Nella Bibbia non vi è una parola per designare l’estasi. Già questo fatto è in favore dell’assenza di estasi. Tuttavia, Filone e qualche altro rabbino interpretarono come “estasi” il vocabolo tardemàh che appare nella Scrittura in quattro sensi diversi:

1

Sonno profondo nel caso di Adamo

“Dio il Signore fece cadere un profondo sonno sull’uomo, che si addormentò”

Gn 2:21

2

Stato di profonda esperienza profetica ed estatica nel caso di Abraamo

“Un profondo sonno cadde su Abramo; ed ecco uno spavento, una oscurità profonda cadde su di lui”

Gn 15:12

3

Stato di torpore nel caso di Saul

“Tutti dormivano, perché il Signore aveva fatto cadere su di loro un sonno profondo

1Sam 26:12

4

Stato dei falsi profeti

“È il Signore che ha sparso su di voi uno spirito di torpore;

ha chiuso i vostri occhi, i profeti”

Is 29:10

   In ciascuno dei quattro casi evidenziati in grassetto l’ebraico usa la parola תַּרְדֵּמָה (tardemàh), che viene tradotta diversamente a seconda del traduttore:

Riferimento

NR

TNM

Did

CEI

1

Gn 2:21

Profondo sonno

Profondo sonno

Profondo sonno

Torpore

2

Gn 15:12

Profondo sonno

Profondo sonno

Profondo sonno

Torpore

3

1Sam 26:12

Sonno profondo

Sonno profondo

Profondo sonno

Torpore

4

Is 29:10

Spirito di torpore

Spirito di profondo sonno

Profondo sonno

Spirito di torpore

   Come si vede, solo Diodati è coerente e riesce a rendere sempre con la stessa espressione italiana la parola ebraica tardemàh. Filone e altri rabbini interpretarono questo “profondo sonno” come estasi.

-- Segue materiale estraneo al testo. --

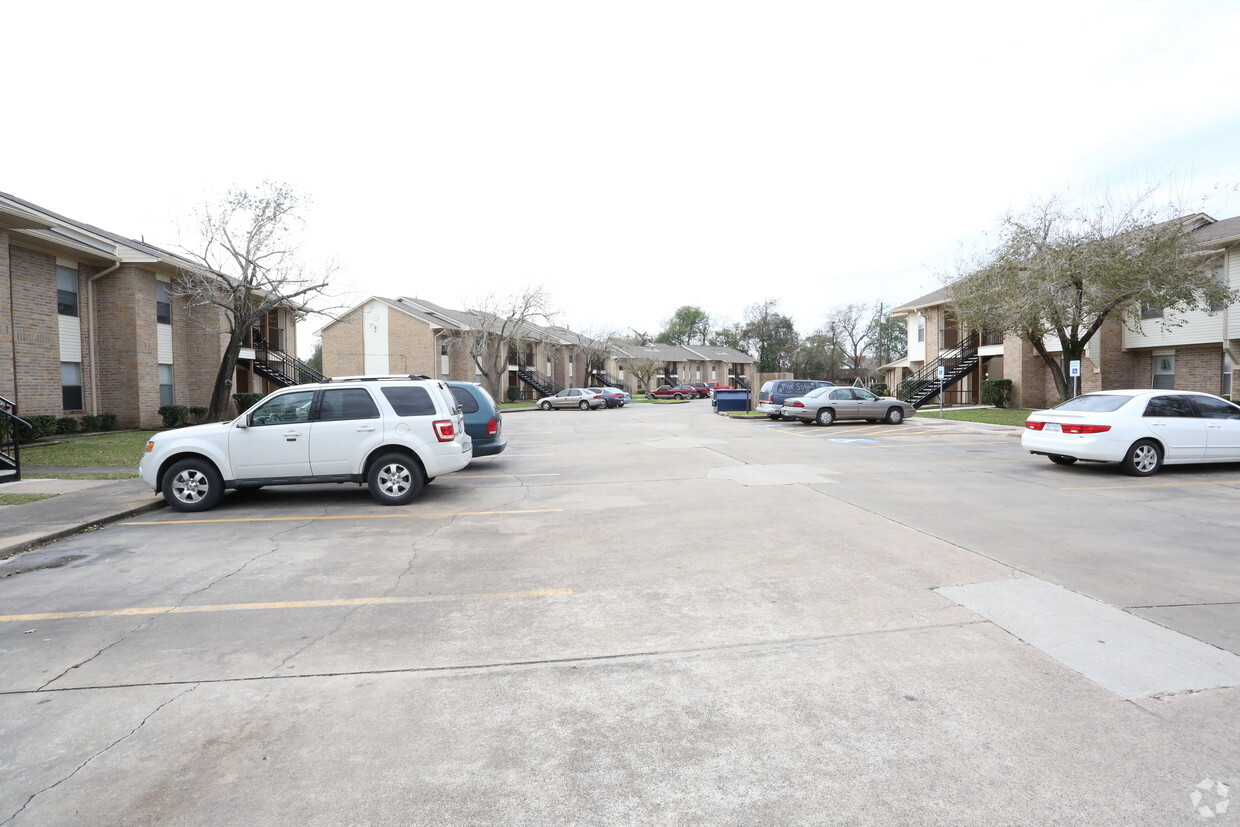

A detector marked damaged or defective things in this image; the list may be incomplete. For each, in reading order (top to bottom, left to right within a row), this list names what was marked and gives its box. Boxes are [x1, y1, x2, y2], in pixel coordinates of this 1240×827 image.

crack in concrete [0, 684, 195, 823]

   Sia Filone (che fu il primo), sia i cosiddetti primi padri della Chiesa spiegarono quindi il profetismo biblico con la teoria dell’estasi. Anzi, Filone vi vide il segno distintivo del profetismo. “Non vi è profezia senza estasi”, era questo il suo principio fondamentale. Secondo questa teoria il profeta era posseduto da Dio. “Niente di quanto egli dice è suo poiché egli, stando sotto il controllo dell’ispirazione divina, non può capire ciò che egli dice, ma serve solo da canale per la parola insistente di Dio. I profeti sono, infatti, gli interpreti di Dio che usa i loro organi per esprimere ciò che vuole” (Filone, De specialibus regis I,11,65). Secondo Filone, perché Dio parli occorre che la mente del profeta taccia.

   Questa idea non fu mai accettata da Giuseppe Flavio e dai rabbini in genere; anzi, essi presentano l’assenza di estati proprio come segno distintivo dei profeti.

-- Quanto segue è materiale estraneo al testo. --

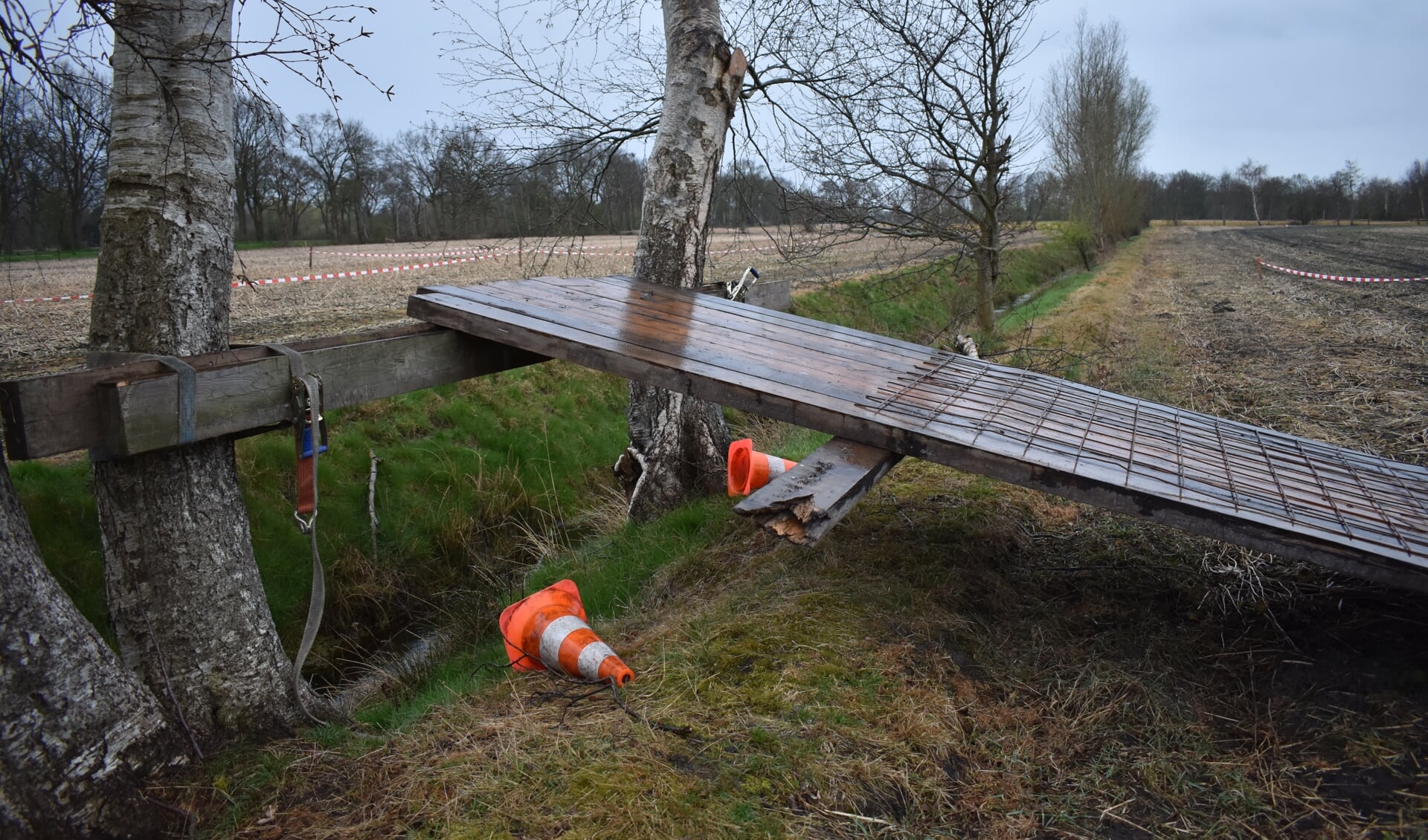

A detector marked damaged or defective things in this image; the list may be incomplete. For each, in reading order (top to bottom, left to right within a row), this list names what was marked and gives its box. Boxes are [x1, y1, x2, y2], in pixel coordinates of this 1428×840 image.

broken plank [736, 436, 902, 547]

   La teoria estatica fu ripresa dai cosiddetti padri della Chiesa. Per Atenagora Dio usò i profeti “come un suonatore di flauto soffia nel suo strumento” (Pro christianis IX). Per Giustino lo spirito divino fu per loro “un divino plettro scendente dal cielo” che Dio avrebbe per pizzicare le corde “come di una cetra o di un liuto”. – Cohortatio ad Graecos 8.

   Qual è in merito il pensiero degli studiosi ai nostri giorni? Nel 19° secolo G. Hoelscher riprese per primo la teoria dell’estasi (Die Propheten, Leipzig 1914, pag. 125). Ma l’intento era ben diverso da quello dei primi secoli. Mentre Filone e i “padri” spiegavano con l’estasi il contatto di Dio con i profeti, nei tempi moderni si spiegava con l’estasi proprio l’assenza dell’intervento divino, riducendo il tutto a fenomeni paranormali o a esaltazione individuale.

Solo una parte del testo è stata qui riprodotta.